## DATA SUPPLIED
---------------

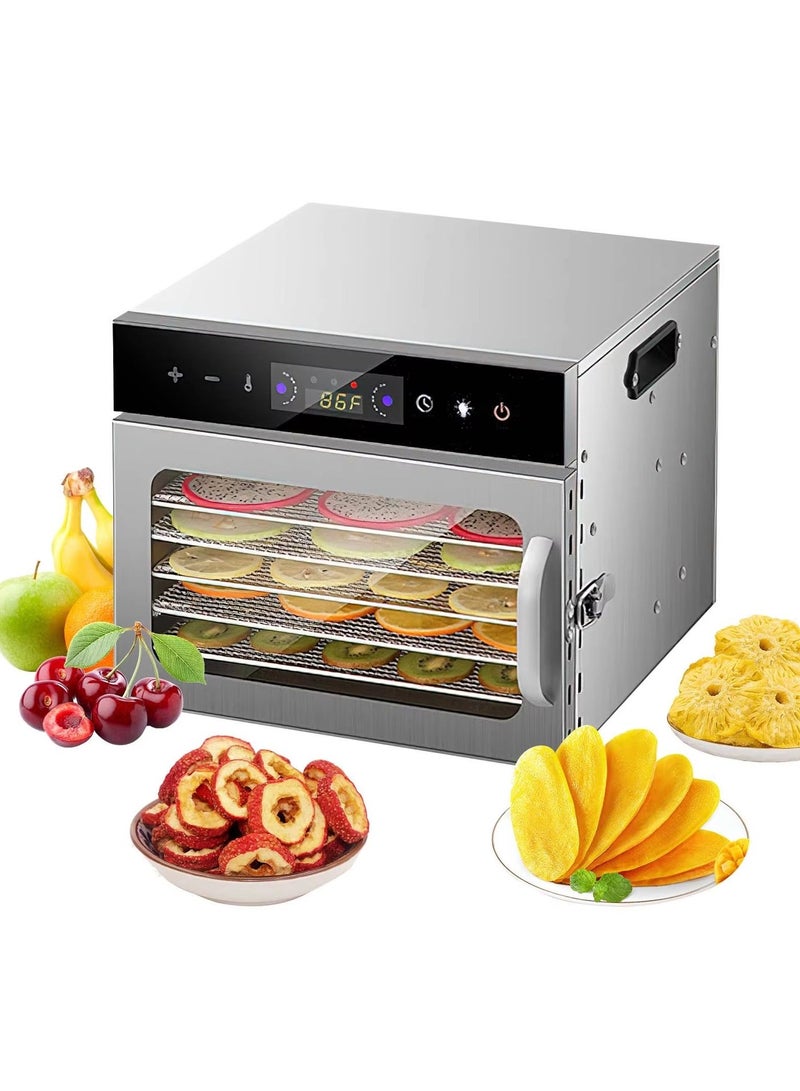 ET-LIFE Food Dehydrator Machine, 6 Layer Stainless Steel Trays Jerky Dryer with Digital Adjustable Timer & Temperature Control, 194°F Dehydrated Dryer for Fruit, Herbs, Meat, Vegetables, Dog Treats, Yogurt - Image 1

---------------

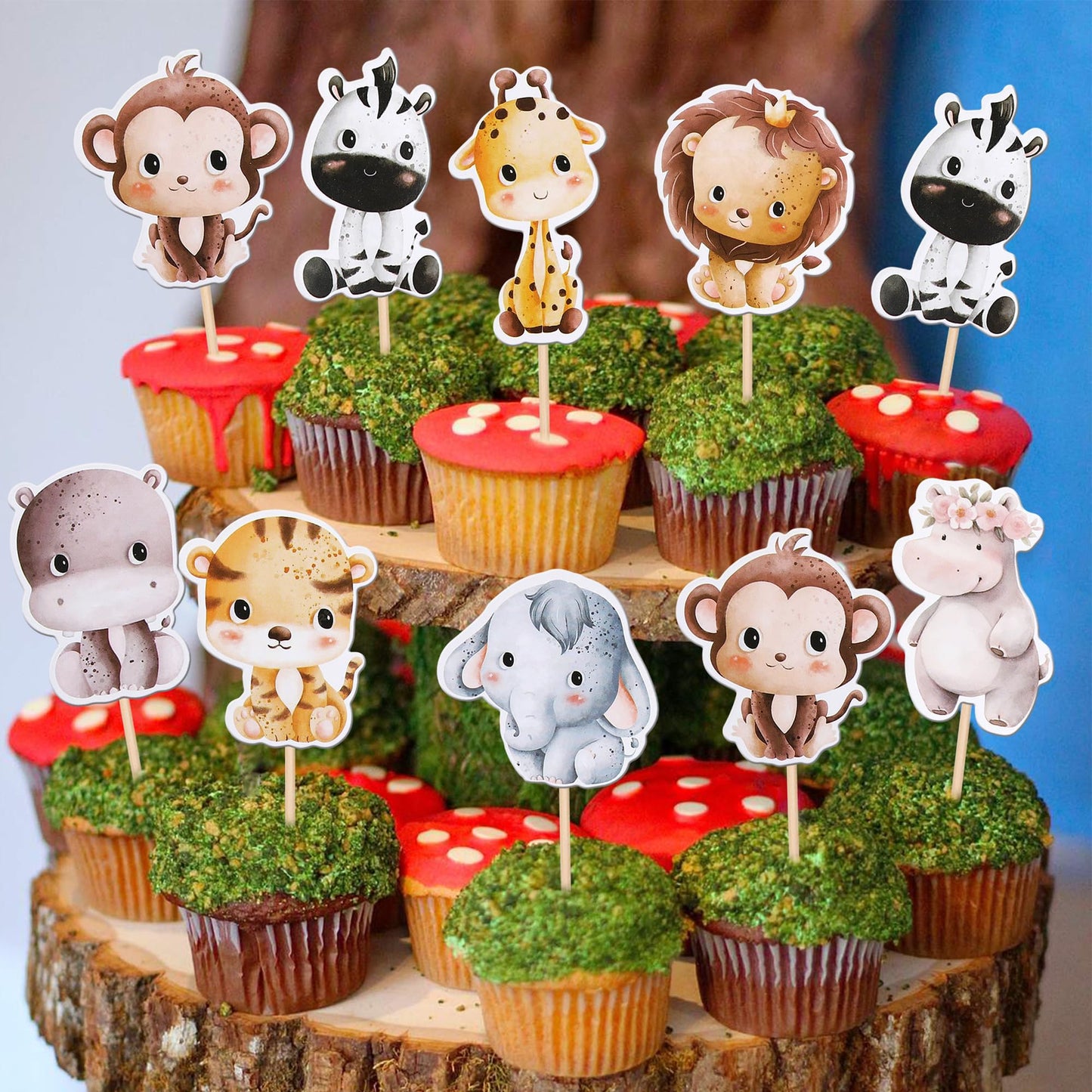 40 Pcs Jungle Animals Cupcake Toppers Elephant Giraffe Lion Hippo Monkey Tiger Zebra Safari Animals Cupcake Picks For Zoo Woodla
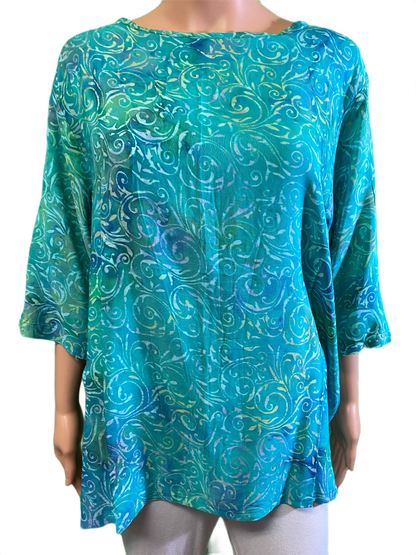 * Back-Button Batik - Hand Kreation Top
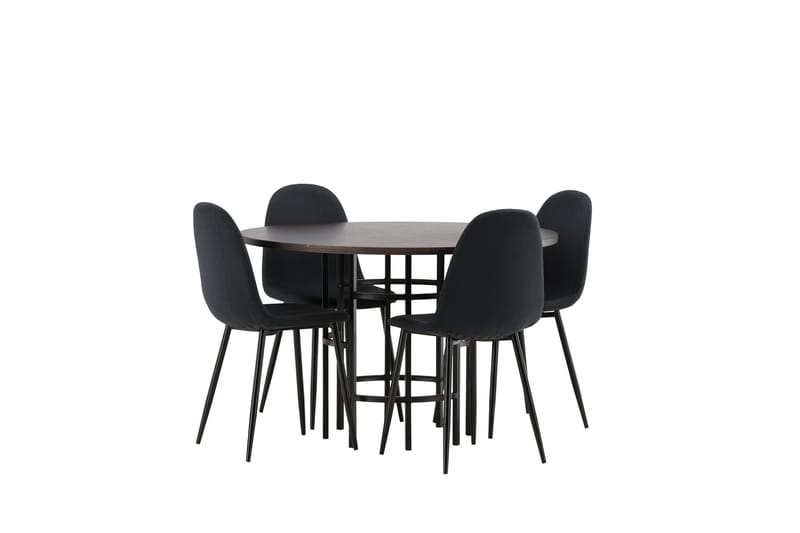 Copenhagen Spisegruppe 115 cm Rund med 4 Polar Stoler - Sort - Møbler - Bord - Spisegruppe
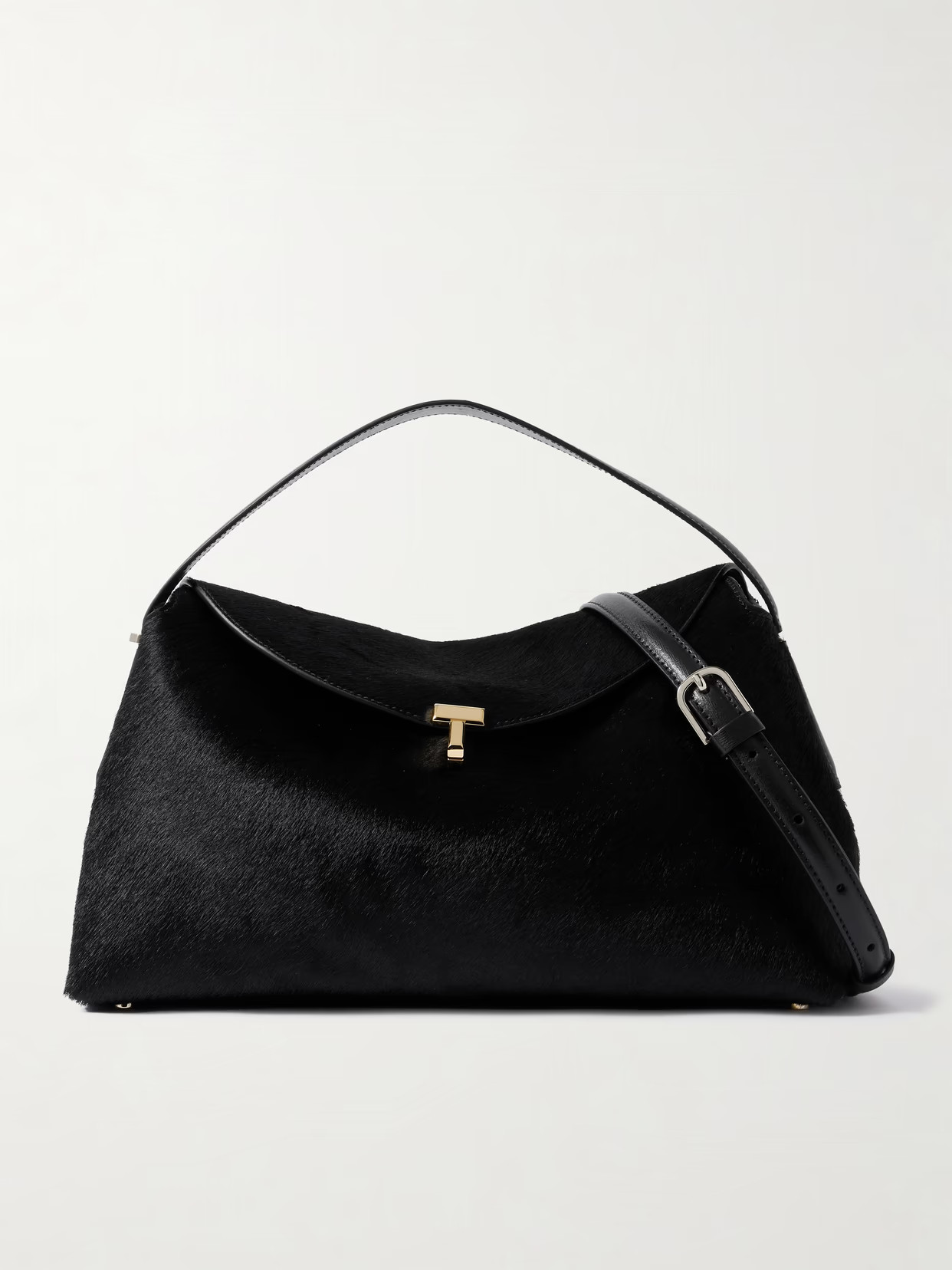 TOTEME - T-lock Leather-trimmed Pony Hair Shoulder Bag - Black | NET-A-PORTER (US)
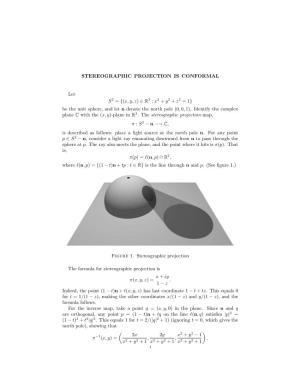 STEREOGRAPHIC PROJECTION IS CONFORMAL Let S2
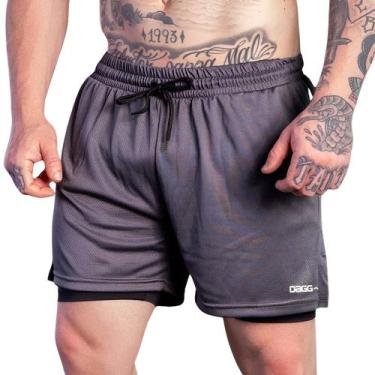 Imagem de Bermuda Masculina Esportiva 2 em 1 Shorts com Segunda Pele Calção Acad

---------------

## EXERCISE DESCRIPTION
Leave the pictures out, and transcribe exactly the lines above starting at the one that contains "Copenhagen Spisegruppe 115" and ending at the one that contains "Imagem de Bermuda".

## OUTPUT FOR THIS EXERCISE
 Copenhagen Spisegruppe 115 cm Rund med 4 Polar Stoler - Sort - Møbler - Bord - Spisegruppe
 TOTEME - T-lock Leather-trimmed Pony Hair Shoulder Bag - Black | NET-A-PORTER (US)
 STEREOGRAPHIC PROJECTION IS CONFORMAL Let S2
 Imagem de Bermuda Masculina Esportiva 2 em 1 Shorts com Segunda Pele Calção Acad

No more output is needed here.